Records for the task below:

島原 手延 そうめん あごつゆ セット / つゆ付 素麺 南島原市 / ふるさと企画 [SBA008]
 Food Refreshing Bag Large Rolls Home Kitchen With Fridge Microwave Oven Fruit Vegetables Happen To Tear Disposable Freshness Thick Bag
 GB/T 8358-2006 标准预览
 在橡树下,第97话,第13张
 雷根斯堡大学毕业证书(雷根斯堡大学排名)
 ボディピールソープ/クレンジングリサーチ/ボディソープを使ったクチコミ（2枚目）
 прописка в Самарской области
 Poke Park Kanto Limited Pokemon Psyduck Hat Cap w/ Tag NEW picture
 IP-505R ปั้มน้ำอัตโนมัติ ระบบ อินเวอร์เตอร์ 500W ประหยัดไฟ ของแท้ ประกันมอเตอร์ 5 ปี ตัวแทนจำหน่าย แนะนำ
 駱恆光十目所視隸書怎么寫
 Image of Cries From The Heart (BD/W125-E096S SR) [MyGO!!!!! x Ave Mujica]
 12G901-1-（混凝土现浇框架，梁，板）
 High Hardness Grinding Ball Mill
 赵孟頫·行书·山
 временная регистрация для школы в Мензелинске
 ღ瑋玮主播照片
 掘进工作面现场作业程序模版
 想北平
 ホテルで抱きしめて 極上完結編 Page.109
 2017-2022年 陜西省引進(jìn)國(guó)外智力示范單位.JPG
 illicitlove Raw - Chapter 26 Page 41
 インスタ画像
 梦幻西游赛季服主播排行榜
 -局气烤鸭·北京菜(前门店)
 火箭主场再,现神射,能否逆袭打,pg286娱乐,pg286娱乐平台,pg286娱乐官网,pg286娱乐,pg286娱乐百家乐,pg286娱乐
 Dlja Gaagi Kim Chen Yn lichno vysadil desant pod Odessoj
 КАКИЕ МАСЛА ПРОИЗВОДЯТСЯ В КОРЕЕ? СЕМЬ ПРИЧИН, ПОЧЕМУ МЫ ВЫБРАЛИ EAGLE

End of Records for the task.

Exercise requirements: Retype each record above so that every word stays exactly the same.

Response to this exercise:
島原 手延 そうめん あごつゆ セット / つゆ付 素麺 南島原市 / ふるさと企画 [SBA008]
 Food Refreshing Bag Large Rolls Home Kitchen With Fridge Microwave Oven Fruit Vegetables Happen To Tear Disposable Freshness Thick Bag
 GB/T 8358-2006 标准预览
 在橡树下,第97话,第13张
 雷根斯堡大学毕业证书(雷根斯堡大学排名)
 ボディピールソープ/クレンジングリサーチ/ボディソープを使ったクチコミ（2枚目）
 прописка в Самарской области
 Poke Park Kanto Limited Pokemon Psyduck Hat Cap w/ Tag NEW picture
 IP-505R ปั้มน้ำอัตโนมัติ ระบบ อินเวอร์เตอร์ 500W ประหยัดไฟ ของแท้ ประกันมอเตอร์ 5 ปี ตัวแทนจำหน่าย แนะนำ
 駱恆光十目所視隸書怎么寫
 Image of Cries From The Heart (BD/W125-E096S SR) [MyGO!!!!! x Ave Mujica]
 12G901-1-（混凝土现浇框架，梁，板）
 High Hardness Grinding Ball Mill
 赵孟頫·行书·山
 временная регистрация для школы в Мензелинске
 ღ瑋玮主播照片
 掘进工作面现场作业程序模版
 想北平
 ホテルで抱きしめて 極上完結編 Page.109
 2017-2022年 陜西省引進(jìn)國(guó)外智力示范單位.JPG
 illicitlove Raw - Chapter 26 Page 41
 インスタ画像
 梦幻西游赛季服主播排行榜
 -局气烤鸭·北京菜(前门店)
 火箭主场再,现神射,能否逆袭打,pg286娱乐,pg286娱乐平台,pg286娱乐官网,pg286娱乐,pg286娱乐百家乐,pg286娱乐
 Dlja Gaagi Kim Chen Yn lichno vysadil desant pod Odessoj
 КАКИЕ МАСЛА ПРОИЗВОДЯТСЯ В КОРЕЕ? СЕМЬ ПРИЧИН, ПОЧЕМУ МЫ ВЫБРАЛИ EAGLE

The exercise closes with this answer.